**Problem requirements:** Repeat the listing below in full, keeping every character as it is.

====================

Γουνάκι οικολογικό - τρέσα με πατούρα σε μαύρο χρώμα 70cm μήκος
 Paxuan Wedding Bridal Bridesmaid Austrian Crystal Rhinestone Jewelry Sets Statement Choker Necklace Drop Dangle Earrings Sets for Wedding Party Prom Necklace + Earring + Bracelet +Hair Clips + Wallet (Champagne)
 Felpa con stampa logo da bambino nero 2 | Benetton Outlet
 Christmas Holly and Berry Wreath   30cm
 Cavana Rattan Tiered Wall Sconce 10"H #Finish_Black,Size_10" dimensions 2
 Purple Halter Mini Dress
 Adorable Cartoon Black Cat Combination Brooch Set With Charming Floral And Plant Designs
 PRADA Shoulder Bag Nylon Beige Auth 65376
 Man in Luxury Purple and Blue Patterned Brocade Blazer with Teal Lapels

====================

**Finished task:**
Γουνάκι οικολογικό - τρέσα με πατούρα σε μαύρο χρώμα 70cm μήκος
 Paxuan Wedding Bridal Bridesmaid Austrian Crystal Rhinestone Jewelry Sets Statement Choker Necklace Drop Dangle Earrings Sets for Wedding Party Prom Necklace + Earring + Bracelet +Hair Clips + Wallet (Champagne)
 Felpa con stampa logo da bambino nero 2 | Benetton Outlet
 Christmas Holly and Berry Wreath   30cm
 Cavana Rattan Tiered Wall Sconce 10"H #Finish_Black,Size_10" dimensions 2
 Purple Halter Mini Dress
 Adorable Cartoon Black Cat Combination Brooch Set With Charming Floral And Plant Designs
 PRADA Shoulder Bag Nylon Beige Auth 65376
 Man in Luxury Purple and Blue Patterned Brocade Blazer with Teal Lapels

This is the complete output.